The international community faces a curious challenge with regards of Sri Lanka. In fact we are in presence of a massive violations of human rights, happened during the end of the war, not to mention also the continuous incidents of unlawful abductions, suppression of press freedom and abuses from the military and organized thugs. The point of the clash is about sovereignty on internal affairs; the argument from Sri Lanka, China and Russia is that any state is absolutely sovereign in disputes within its borders. The way to deal with internal dissent, discontent or even open revolt is entirely national. So not matter how disproportionate can be the reaction against these dissenting forces, it would be always regulated by internal mechanisms.
The West challenges precisely this notion, that any kind of violence is admissible. But it is a opposition largely on principles. In fact it is always too well known that the West screams loudly against violations of rival countries, whilst with allies and friends the protests are definitely quiter.
The example of Lybia and Syria on one side and Saudi Arabia and Bahrain on the other. You don’t need to be a genius of geopolitics to see that the cases are precisely the same and only a decision of convenience makes them different.
You can consider Sri Lanka as a test. Colombo is leaning very clearly towards the non-Western front of China and the World South (Africa, Asia and Latin America), but is not yet a enemy. And this indecision is becoming an accusation against the West. Evidences of violations and war crimes during the end of the conflict are there. Even the UN, even Ban Ki Mon is (almost) tempted to say something. Satellite pictures, mobile footages, Wikileaks reports are so in front of your eyes that it seems almost a joke their denial.

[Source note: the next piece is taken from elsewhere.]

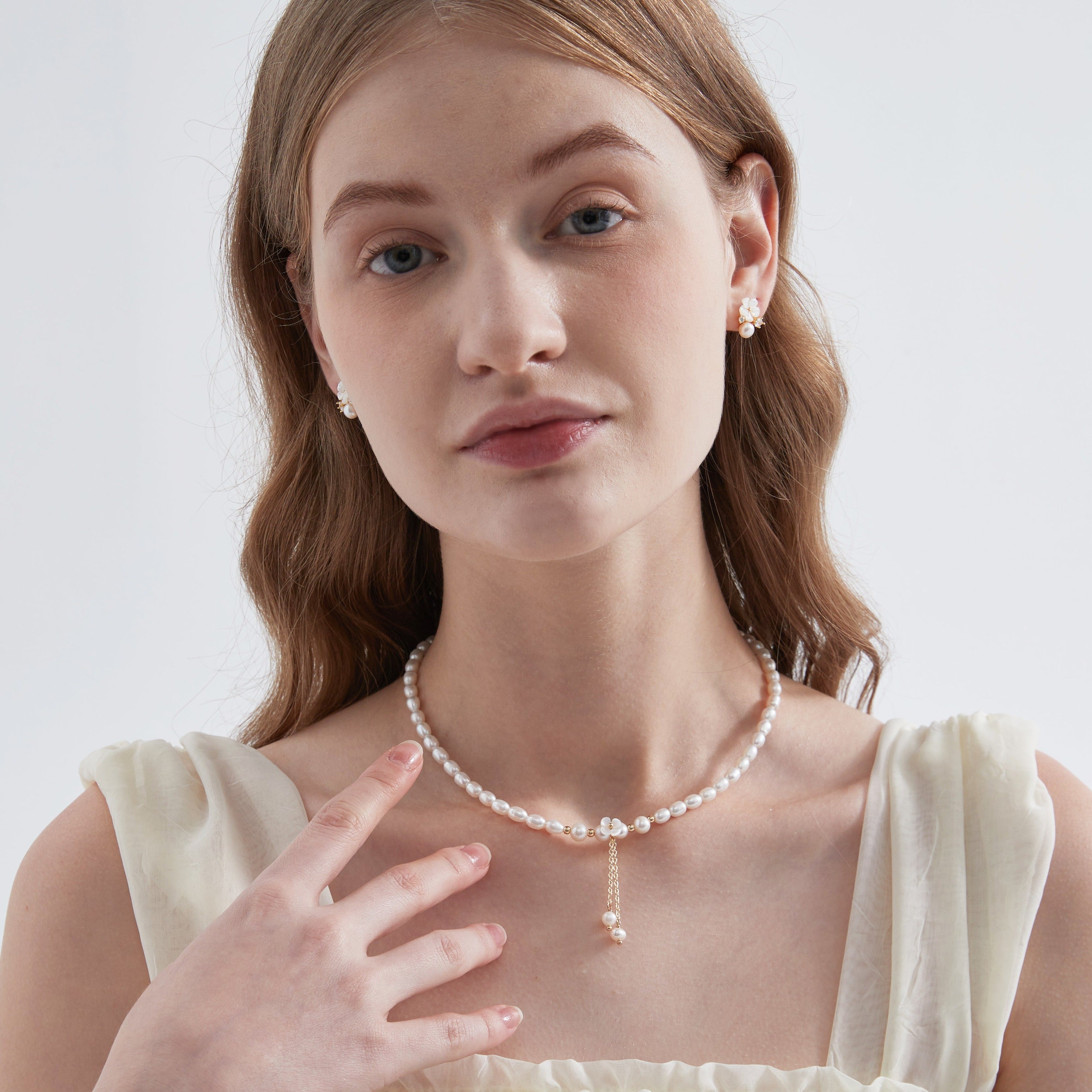 STMG Natural Pearl with Mother of Pearl Flower Necklace on neck with matching earrings on ear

And now we come to the point. Why it is so difficult to make a move and tarnish Sri Lanka with the same accusations? The main justification is about diplomacy: it will cause more harm than help to the victims and to the refugees, such a direct confrontation. It is better to wait. Why? In Syria and Libya you didn’t need any time to wait. With Saudi Arabia and Bahrain the case is already closed. The supect is that you can really decide whether Sri Lanka is an open rival or a distant friend. Only when it will be sorted out, then you’ll know whether Sri Lanka committed the crimes or not. In other terms the violations are against the alignment with the West, not the human rights.
If you can’t decide whether a violation has been committed or not, because you can’t decide on the alliance, then you reinforce the arbitrariness. The defence of human rights is becoming more and more a soft power of the West against China, Russia and other countries of the World South.
But rapidly this hypocrisy will backfire. The protection of human rights is a principle; if it can be bent to arbitrary necessity, then it is not a principle any more and countries like China are entitled to see these accusations merely as an intrusion.
The case of Sri Lanka reflects even too much this duplicity: the pressure is directly proportional to its distance from the West. The paradox is that if you raise the tone, the country will quickly move far away, so the necessity of escalating the case will make duplicity even more patent. If you remain silent, you’ll gain “points” in other cases, but then you’ll reinforce the negotiable nature of your battle for principles. This is the paradox of Sri Lanka, that prosecution on its violations will uncover the hypocritical fight of the West.
The solution to paradox is of course very simple: you need to stand for human rights always. It is a principle, therefore is not negotiable. The argument is that those principles are better protected by the West, even when they are violated. I don’t know your opinion, but to me this sounds dramatically unconvincing.